Эта едва живая собака заставляет его вспомнить о себе. Однако он не решается еще делать записи, классифицировать их и читать книги по философии для своего «Бувара и Пекюше». Но его беспокоят другие бумаги, написанные в стиле привратника или нотариуса. «Вот подписанная и заверенная квитанция, – пишет он Каролине. – Этими делами я должен заниматься регулярно, каждый месяц, не понимая их смысла. Они все больше и больше раздражают меня. Характер переделать нельзя».[662]
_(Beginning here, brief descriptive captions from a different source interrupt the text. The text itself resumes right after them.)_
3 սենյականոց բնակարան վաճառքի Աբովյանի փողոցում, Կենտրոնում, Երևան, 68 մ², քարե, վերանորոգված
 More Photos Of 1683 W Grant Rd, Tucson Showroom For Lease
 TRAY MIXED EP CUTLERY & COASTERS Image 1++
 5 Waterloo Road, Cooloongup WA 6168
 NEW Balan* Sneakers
В одиночестве он становится еще более раздражительным. Узнав о смерти Вильмессана, основателя и редактора «Фигаро», он пишет: «Его изобретатель околел, тем лучше! И я не скрываю своего отношения к этому!»[663] А Каролине пишет следующее: «Не занимайтесь моим приездом в Париж. Светская жизнь все меньше привлекает меня, не знаю, когда захочется сесть в поезд. Сама мысль о том, что нужно выйти за порог дома, мне неприятна».[664] Теперь он может ходить, только нужно носить повязку на лодыжке. «Едва я собрался вырвать один из последних коренных зубов, так у меня прострел. Блефарит. А теперь еще и разболелся фурункул, который вчера выскочил на самом видном месте».[665]
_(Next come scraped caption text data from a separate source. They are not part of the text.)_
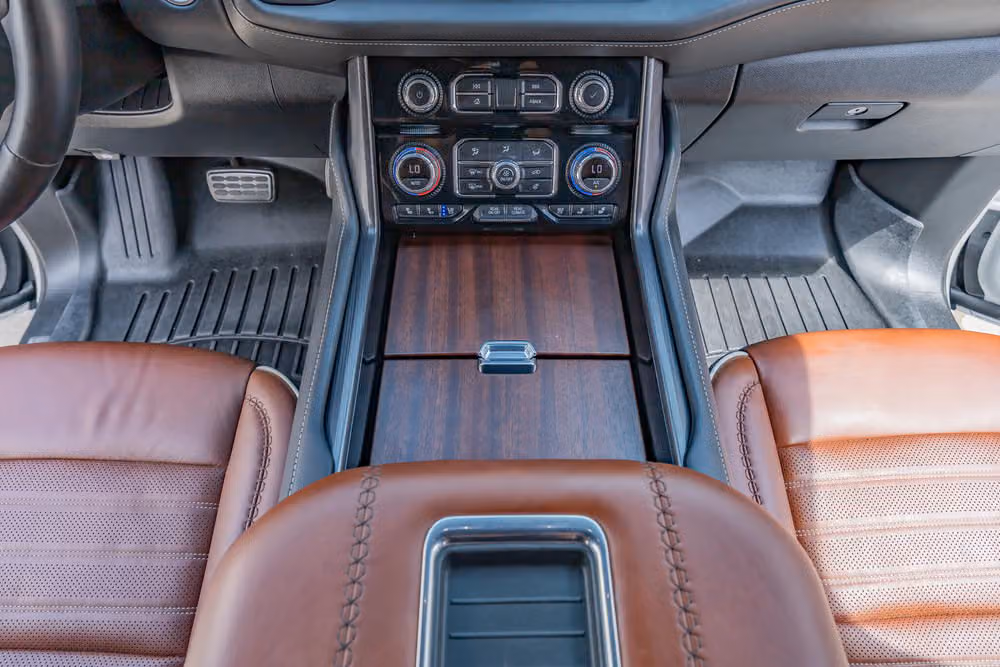 2023 GMC Yukon Denali Ultimate Image 28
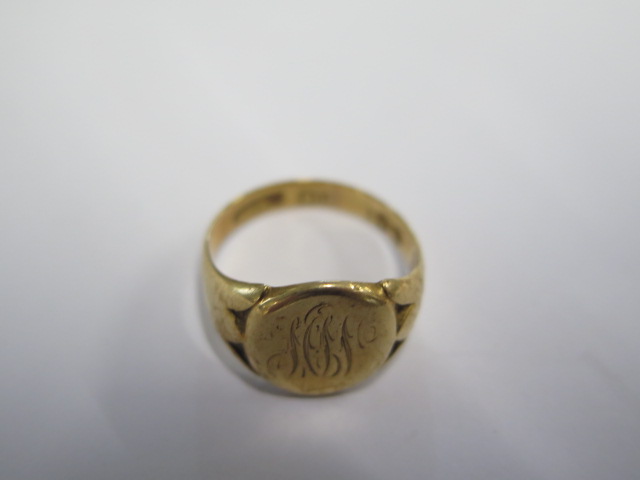 An 18ct yellow gold signet ring size R - approx weight 7.3 grams - Image 2 of 3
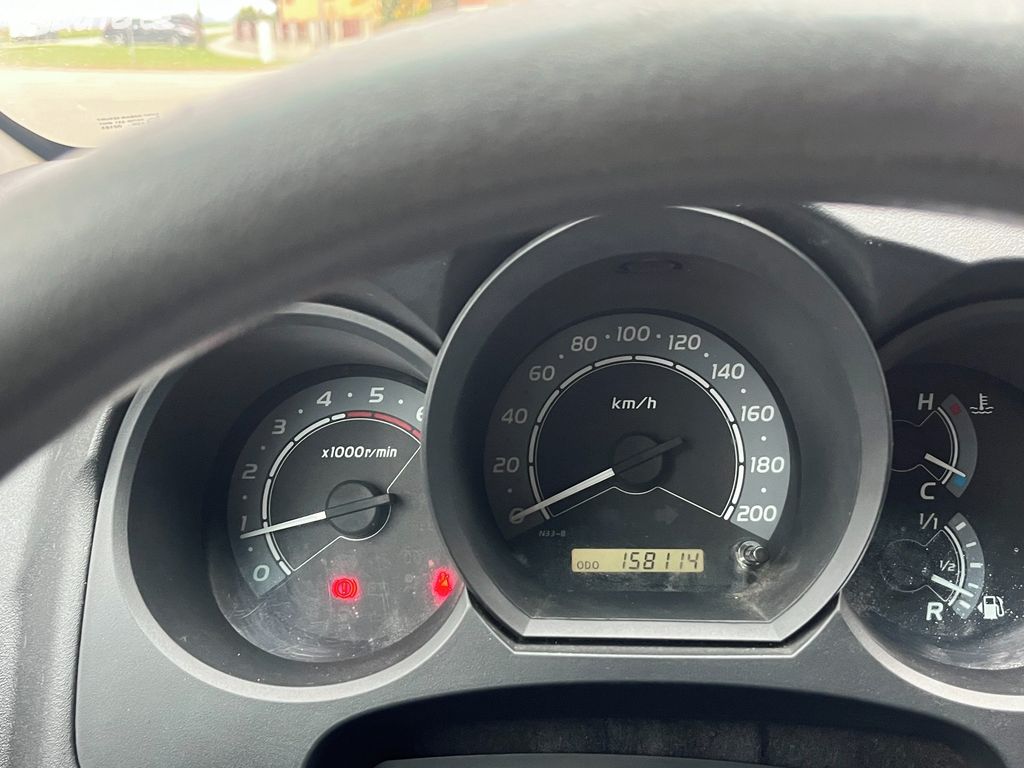 Toyota Hilux, fotka 14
Эти напасти не мешают ему принять в воскресенье на обед «двух ангелов»: госпожу Паска и госпожу Лапьер. После обеда обе, к его удивлению, засыпают – одна на диване, другая в кресле. А он садится за стол и пишет, «точно невозмутимый папочка». Возраст сделал его, думает он, целомудренным. Через несколько дней он поедет на обед к госпоже Лапьер на праздник Святого Поликарпа. Чтобы ухаживать за ним в случае необходимости, его сопровождает служанка Сюзанна. «В экипаже я чувствовал себя очень неудобно, – пишет он Каролине. – От тряски и движения колес болела нога, а от свежего воздуха кружилась голова. Один я не смог бы доехать». Чтобы развеселить его, Лапьер переоделся бедуином, госпожа Лапьер – Кабилом, а собачке госпожи Паска завязали банты. Вокруг тарелки и стакана знаменитого посетителя положили цветочную гирлянду. Госпожа Паска читает в его честь стихи. Пьют шампанское. «Радушные хозяева были очень любезны, но… креветки несвежие, – помечает Флобер. – Ты знаешь, что я каждый день ем креветки, поскольку не могу больше есть мясо. Фортен[666] называет меня по-прежнему „толстая истеричная девка“». И в заключение пишет: «Я сейчас правлю корректуры „Саламбо“ для Лемерра. Так вот, по правде говоря, мне она нравится больше, нежели „Западня“.[667] Ему не нравятся „Сестры Ватар“ Гюисманса, „ученика Золя“, однако он увлечен „Тощим котом“ Анатоля Франса и „Братьями Земгано“ Эдмона де Гонкура. „Я в восторге от вашей книжицы. В некоторых местах я чуть не плакал, а сегодня ночью под этим впечатлением мне приснился страшный сон“.[668] Его работа из-за болезни задержалась. Однако он заверяет Шарпантье: „Через год я буду близок к завершению, а когда вы прочтете произведение, то увидите, что я спешил“».[669]
Однажды вечером он решил достать и сжечь свои старые письма, о которых никто не должен знать. На этом ночном аутодафе присутствует Ги де Мопассан. Он с замиранием сердца смотрит, как Флобер пробегает глазами пожелтевшие страницы, одни откладывает в сторону, другие кидает в камин, глубоко вздыхая. В камине пляшет огонь, освещая грузный силуэт, лицо в морщинах, лысую голову и большие, влажные от слез глаза. Флобер задерживается на записке матери. «Он прочел мне несколько строчек из нее, – пишет Мопассан. – Я видел, как глаза его заблестели, потом слезы потекли по щекам… Пробило четыре часа. Вдруг среди писем он обнаружил небольшой сверток, перевязанный узкой лентой, медленно развязал его и вынул шелковую бальную туфельку, в которой лежала засохшая роза, завернутая в желтый женский носовой платок, обвязанный кружевом… Он поцеловал, тяжело вздыхая, эти три реликвии, потом сжег их и вытер слезы. Потом встал. „Я не знал, – сказал он, – что делать со всем этим: сохранить или уничтожить. Теперь дело сделано. Иди спать. Спасибо“.